My dreams will never come true.

...

"Mon ange visited me again last night," Christine confides as she slides into her seat across the table from us, her blue eyes shining.

These comments are considered perfectly normal by Meg and myself, as Christine's 'Angel' has been visiting her ever since she was a little girl, coaching her voice and teaching her to spread her wings and soar. That is how she puts it, anyway.

"What did he say?" Meg leans forward, ever interested in the strange and supernatural. I put another spoon of porridge into my mouth. Christine darts a look around to check if anyone is listening in, and lowers her voice.

"He says it is almost time," she pushes a chestnut lock out of her face.

"Time until what?" I ask, a little too loudly. They both make shushing gestures at me.

"Until my debut, when the whole of Paris will know my name," her cheeks flush. For all her excitement, Christine is a shy girl, very beautiful and very innocent.

I smile. "I'm happy for you. But one question, how on earth is your Angel going to get rid of Carlotta?"

"Oh, The Phantom will do that for him," Meg says airily, with the expert tone of a person who is well informed on the subject of the Opera Ghost. "Another prank will send her storming off in a tantrum, mark my words."

...

The dress-rehearsal of our Opera's new production, Hannibal. As ever, I am at the back of the dancers, in my skimpy corset, trying desperately not to fall over or injure anyone in any way. I can feel Madame Giry's dark gaze fixed upon me, and know I'm in for another late night 'instruction session' that always occurs before a show.

"Ladies and gentlemen! Hem hem, ladies and gentlemen!" our manager waves his arms about like a stranded insect, trying in vain to get our attention. "Madame Giry," he calls.

She stamps her cane, and all of us stand to attention, feet in fifth position and arms held in bras bas.
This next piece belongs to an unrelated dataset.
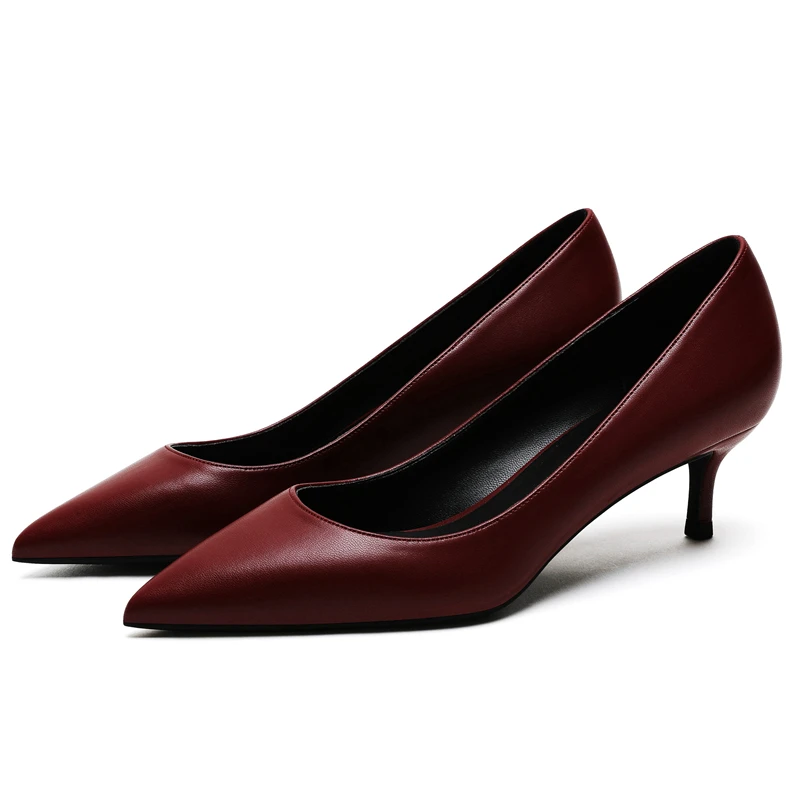 Tanie Klasyczne damskie czółenka skóra owcza niskie wysokie obcasy buty damskie modne szpilki 5cm na cienkim obcasie damskie seksowne czółenka E0073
"Thank you," is the reply. I drift off into a daydream of a different rehearsal, my rehearsal, as he launches into some grand drivel of how he is retiring and these are our two new managers. I stifle a sigh as he makes introductions to Carlotta and Piangi, and these two gentlemen who look as if they've never set foot in an Opera House before. Not that I can talk.
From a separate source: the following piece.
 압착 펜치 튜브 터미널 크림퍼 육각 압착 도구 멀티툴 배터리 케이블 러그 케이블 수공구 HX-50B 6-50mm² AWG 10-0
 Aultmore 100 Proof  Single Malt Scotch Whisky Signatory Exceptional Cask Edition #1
"Monsieur Reyer, isn't there a rather fine aria for Elissa in Act Three of 'Hannibal?' Perhaps if Signora would like to grace us with a private rendition…"

I exchange glances with Christine and Meg – the latter of which rolls her eyes and heaves a mock sigh. Here we go again.
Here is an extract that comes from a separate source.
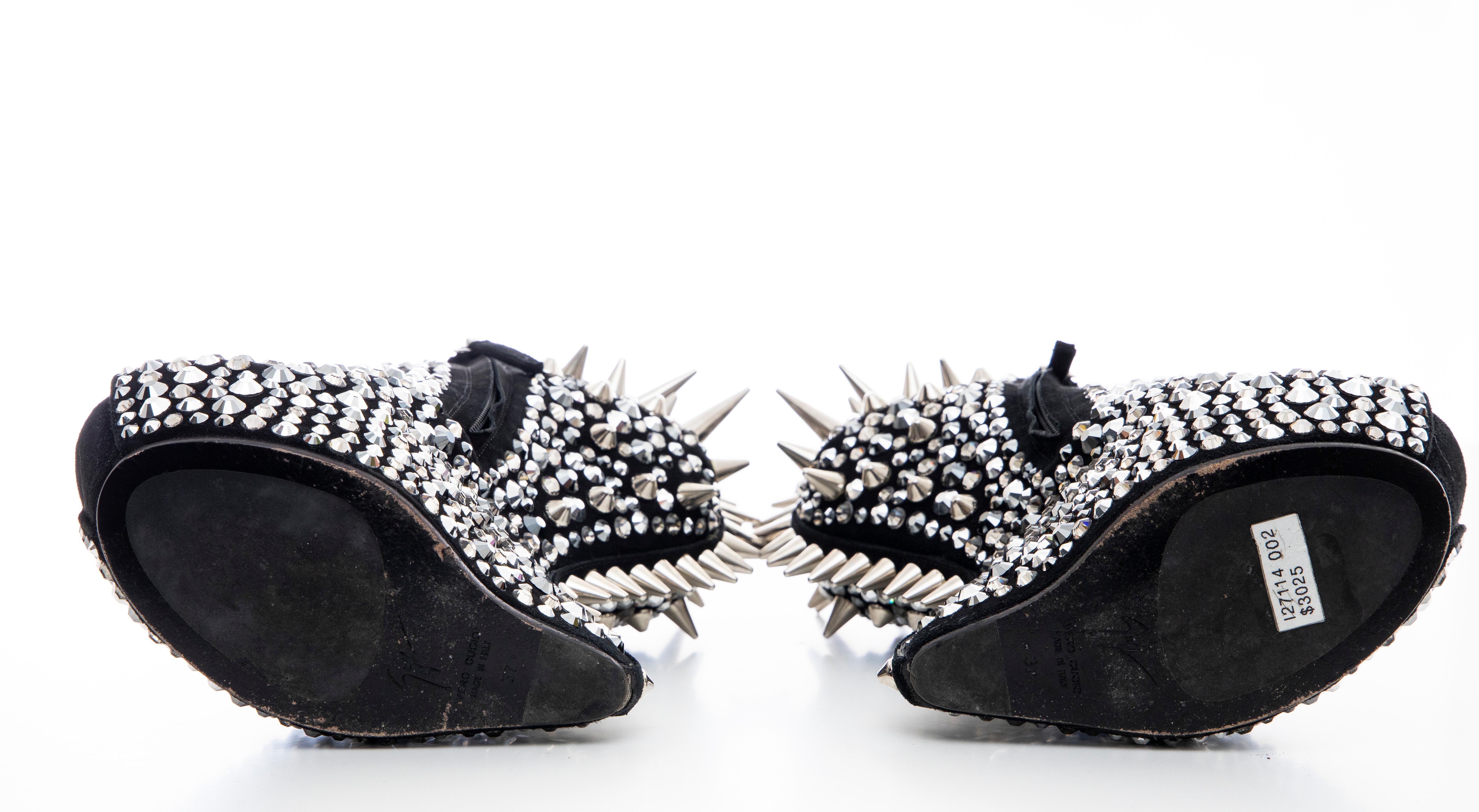 Guiseppe Zanotti Black Suede & Silver Spikes Embellished Wedges, Fall 2012 7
"Think of me, think of me fondly when we've said goodbye…remember me, every so often, promise me you'll try…On that day, that not so distant day, when you were far away and free…" I am tempted to cover my ears with my hands, but that would be childish.

There is an earsplitting crash, and scenery comes tumbling down from the catwalks. Heart pounding, I jump out of the way and land almost on-top of another ballet girl, who shoves me aside.

"He's here, The Phantom of the Opera!" Meg's face is white as she stares at the fallen scenery and the enraged diva who lies trapped beneath it.

Maybe Meg can see the future.

Because before we know it, she's volunteered Christine to take the diva's place.